Inserting Equation 13 into Equation 12 provides the maximum gain $G_{0}$ that can be achieved

14

G_{0} = G (N, k_{0}) = k_{0} \frac{N}{N + k_{0} 2^{k_{0} - 1}} = k_{0} \frac{N}{N + \frac{N}{\log (2) k_{0}}} = k_{0} \frac{1}{1 + 1 / (\log (2) k_{0})} .

By taking the logarithm in Equation 13, it can be seen that the optimal $k_{0}$ fulfills

15

2 log k + \log (2) k = log N + \log (2) - \log (\log (2)) .

Because the term $k$ is faster increasing than the term $log k$ , the optimal $k_{0}$ is primarily a function of $log N$ , i.e., $k_{0} = O (\log (N))$ .

Analytical Illustration

We now illustrate the computational gains of the more efficient E-step implementation for sample sizes ranging between $N = 100$ and $N = 10 000 000$ subjects. In Table 1, the computational gain of using pseudo-items in the E-step is shown as a function of sample size $N$ using Equation 12. It can be seen that the maximum computational gain $G_{0}$ increases with increasing sample sizes. Increases in computational efficiency are indeed non-negligible, at least for applications of international large-scale assessment studies like PISA (OECD, 2017) that involve student sample sizes of about half a million.

Table 1

Analytically Calculated Computational Gain From Equation 12 Using Pseudo-Items in the E-Step as a Function of Sample Size

Sample size	k_max	G₀
100	4	3.0
1 000	6	5.0
10 000	9	7.3
100 000	11	9.9
1 000 000	14	12.6
10 000 000	17	15.3

Note. $k_{m a x}$ = pseudo-item size that results in maximum computational gain; $G_{0}$ = maximum computational gain.

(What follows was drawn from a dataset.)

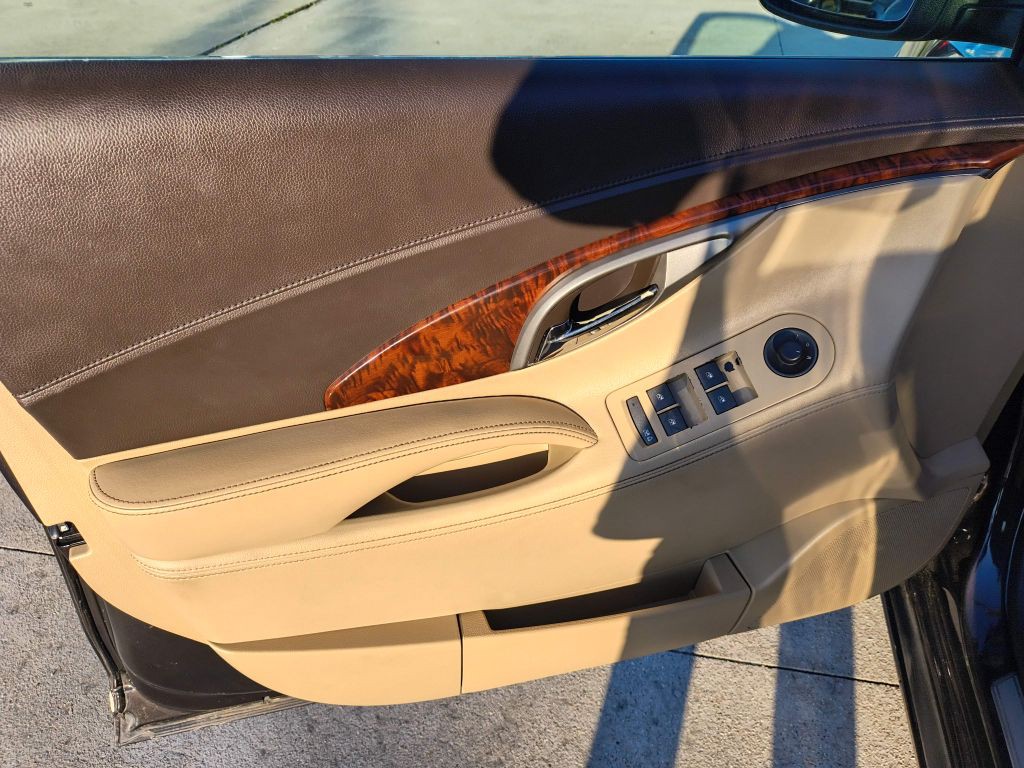 2013 Buick Lacrosse Image 10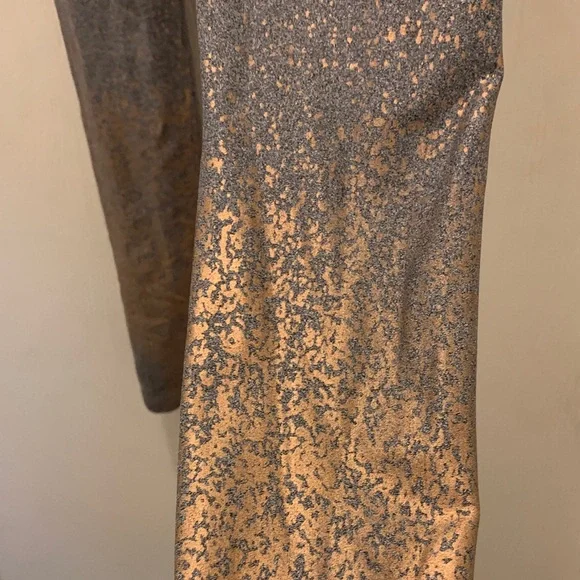 Beyond Yoga Gray and Rose Gold Speckled Leggings - Picture 5 of 5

Computational Illustration

We now demonstrate how the proposed shortcut using pseudo-items performs in an experimental implementation using the Rcpp package (Eddelbuettel, 2013; Eddelbuettel & François, 2011) in the R software (R Core Team, 2020). The E-step consists of three parts in the computation. First, the logarithms of the item response probabilities are added to the logarithm of the prior distribution. In this first part, an incomplete version of the unnormalized likelihood is computed. Afterward, the $exp$ operation has to be applied to obtain the complete unnormalized likelihood. Second, the unnormalized likelihood on the logarithmic scale is further processed by taking the $exp$ operation and normalizing the likelihood contributions for each subject for obtaining individual posterior distributions. Third, expected counts are computed based on individual posterior distributions.

The computational gains were investigated using sample sizes $N = 100$ , 1000, 10000, and 100000. The number of items was fixed to 50, 100, and 200. In the EM algorithm, the number of quadrature points was fixed to 21. The R package microbenchmark (Mersmann, Beleites, Hurling, Friedman, & Ulrich, 2019) was used for timing comparisons. In each condition, 500 replications were utilized in the comparison.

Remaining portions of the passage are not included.